My first Oregon Tourism conference was at Sunriver ten years ago and I think I’ve only missed one since then. It was great to catch up with folks I don’t see much since I stopped my internet marketing work with for the Southern Oregon Visitors Association a few years ago.

Although it’s been ten years since the internet became a key travel marketing tool, it’s still remarkable how print advertising remains the key marketing vehicle despite ROI measures that would make any truthful marketeer blush. Print enthusiasts, and even some silly “online marketing experts” have kept alive the myth that print ads lead to more than a trivial amount of web activity. I now attribute this to the fact people simply do not understand how cheap Pay Per Click advertising is as a destination marketing tool. It’s not uncommon for places to spend *several dollars* for a single print ad lead where a similar lead could be obtained online for as little as a nickel. I’d assumed years ago this gap would push people to PPC but as with most human behavior there is a huge level of psychological momentum that prevents them from changing behaviors. This is even true for huge companies like Ford that is *finally* moving to a much bigger online spend after a study showed how cost effective the online advertising has been for Ford.

One of the best presentations was from Golf Digest where even their head of research misconstrued results from a study of print vs online activity in planning golf related travel. He noted comparable numbers for the categories of “used print info” and “used online info” and suggested this meant that print advertising was therefore comparable to online in terms of effectiveness. This is technically true but it seems to me *extremely* misleading in terms of return on investment for advertising which won’t be comparable at all (they did not study this). Online you can target an ad and get *global reach*, all for pennies per click. With magazines you’d have to spend tens of millions *per ad* to get comparable reach on your message. Thus, as a marketer if you are deciding whether to run an ad in Golf Digest or run a comparably prices online campaign it is very likely that in almost all cases the PPC campaign will outperform the print one.

About JoeDuck

Internet Travel Guy, Father of 2, small town Oregon life. BS Botany from UW Madison Wisconsin, MS Social Sciences from Southern Oregon. Top interests outside of my family's well being are: Internet Technology, Online Travel, Globalization, China, Table Tennis, Real Estate, The Singularity.
This entry was posted in oregon, personal, Talent, tourism, travel. Bookmark the permalink.
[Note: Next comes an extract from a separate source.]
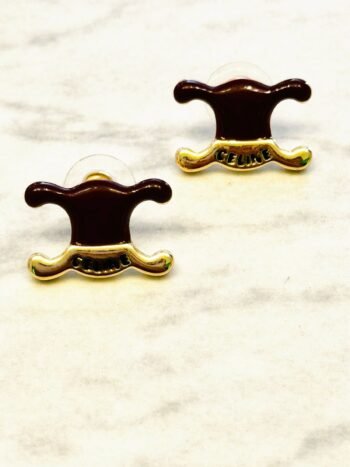 Aretes inspiración marrón oscuro y dorado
2 Responses to Governor’s Tourism Conference

  1. Fools Gold says:

    Advertising has always been faced with the ‘Fuji phenomenon’. That big Fuji film bulletin board in Times Square is seen by millions but many of them are not photographers and are not on their way to buy any film that day.

    An online campaign can be targeted and most people who search for ‘golf’ are going to be interested in a golf resort of some sort. Geographic awareness of online browsers makes the acts even more relevant.

    Print ads gain a large audience but online ads tend to get precisely well-selected viewers.

  2. JoeDuck says:

    Yes, and as people continue to move online to find information even the reach of a highly targeted online campaign will exceed the reach of a magazine campaign, yet you’ll only pay when the onliner clicks on the ad. Although I’m sure there are some exceptional cases I’ve yet to see a single indication that the results of a print campaign could not have been duplicated far more cheaply with an online PPC campaign. When I studied this for Southern Oregon using print ads and special domain names it was *remarkable* how expensive it was to create a customer lead using print advertising.